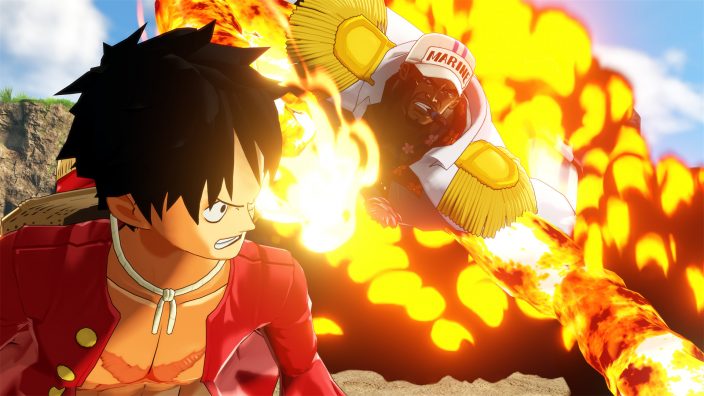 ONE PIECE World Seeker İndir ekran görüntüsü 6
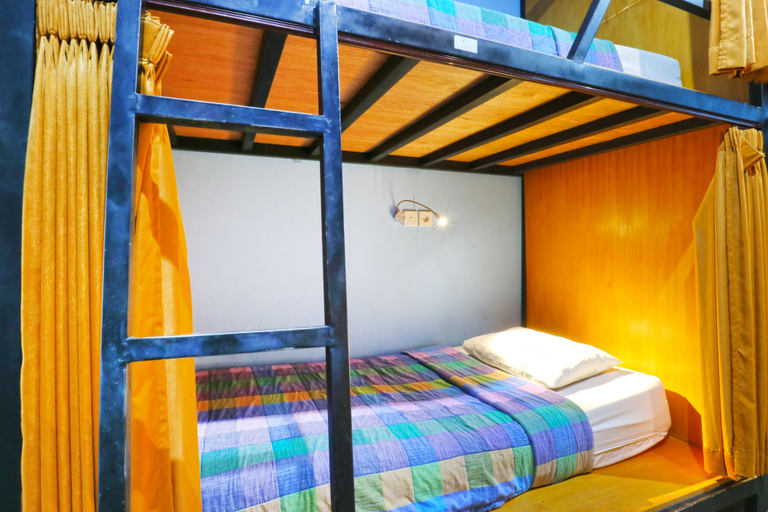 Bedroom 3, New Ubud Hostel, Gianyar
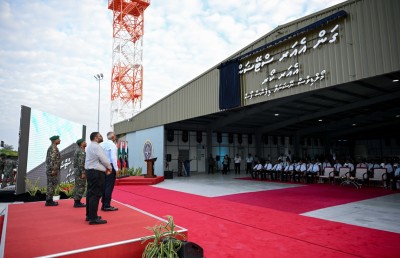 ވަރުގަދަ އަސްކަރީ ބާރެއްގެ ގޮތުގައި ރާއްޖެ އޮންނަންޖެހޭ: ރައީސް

□ □ □ □ □ □ □

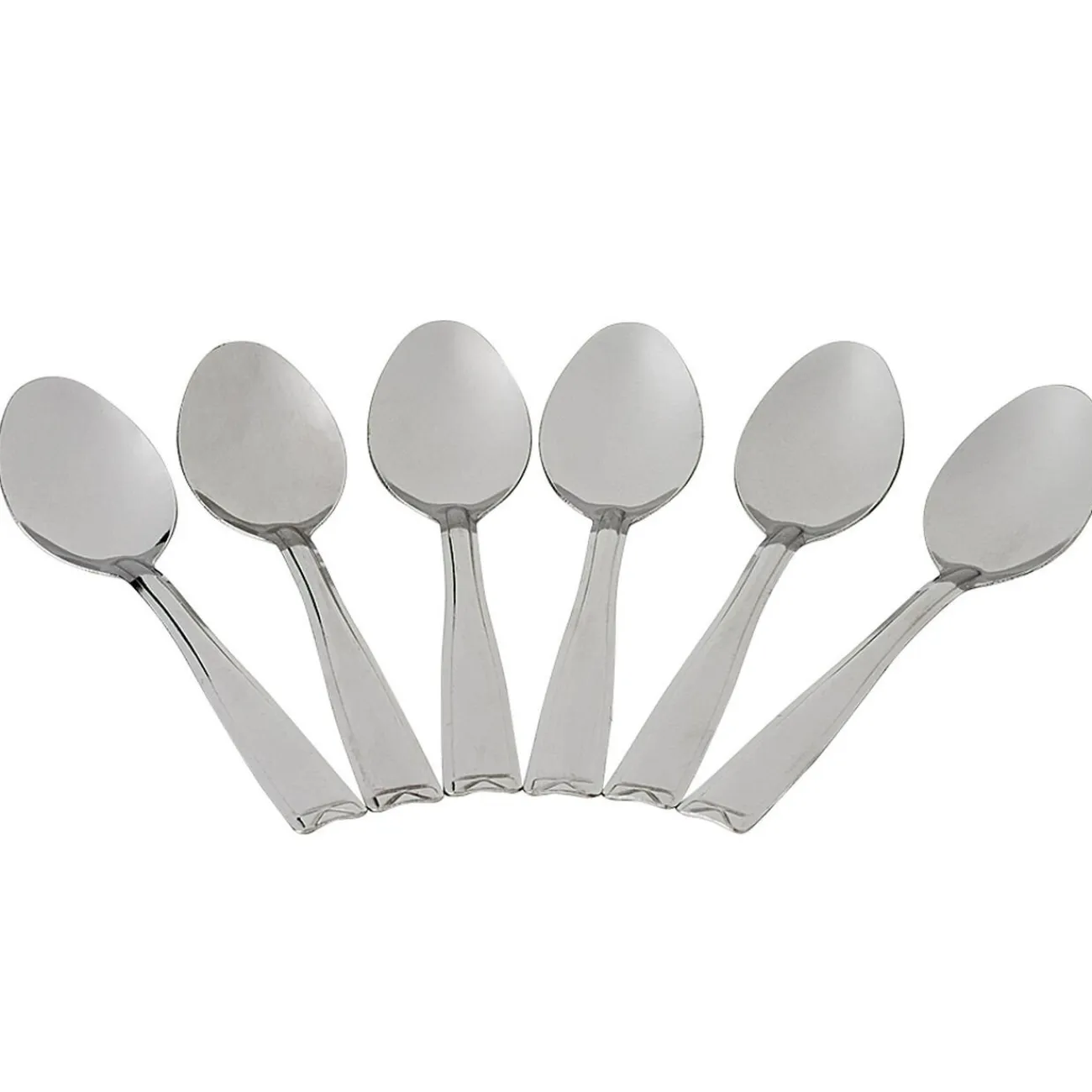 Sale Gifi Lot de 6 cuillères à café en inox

□ □ □ □ □ □ □

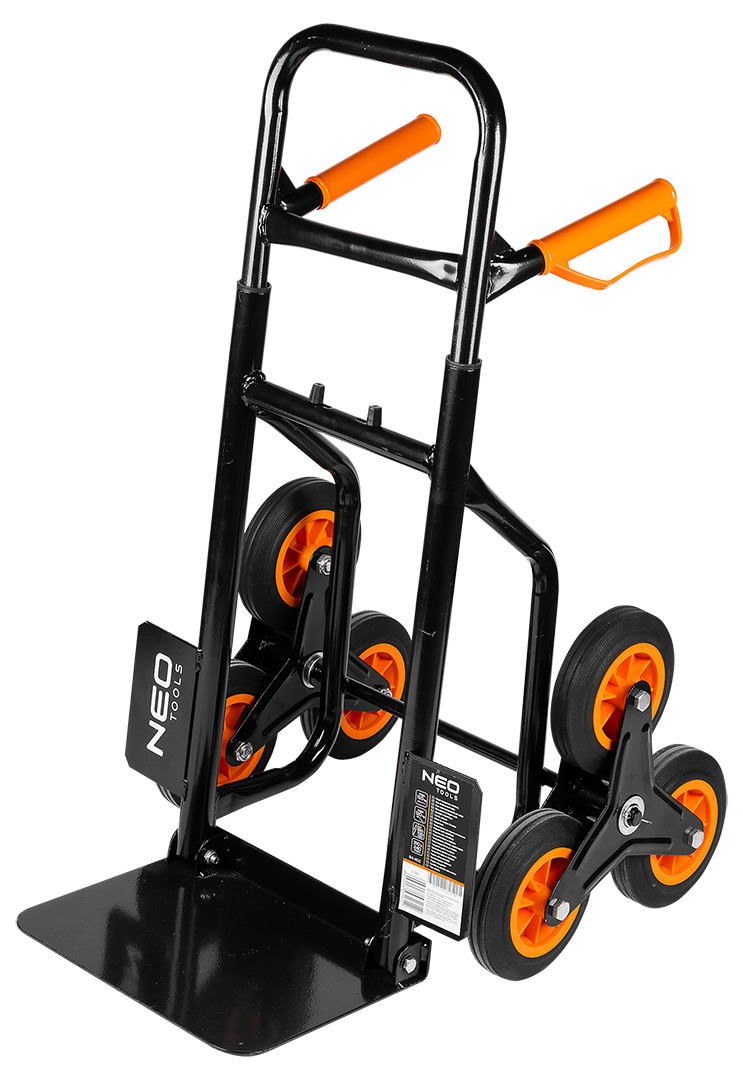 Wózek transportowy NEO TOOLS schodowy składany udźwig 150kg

□ □ □ □ □ □ □

▶ **What you are asked to do**
What you return must match, character for character, the lines above from the one with "Bedroom 3, New Ubud Hostel, Gianyar" through the one with "ވަރުގަދަ އަސްކަރީ ބާރެއްގެ", minus any pictures.

▶ **Reply**
 Bedroom 3, New Ubud Hostel, Gianyar
 ވަރުގަދަ އަސްކަރީ ބާރެއްގެ ގޮތުގައި ރާއްޖެ އޮންނަންޖެހޭ: ރައީސް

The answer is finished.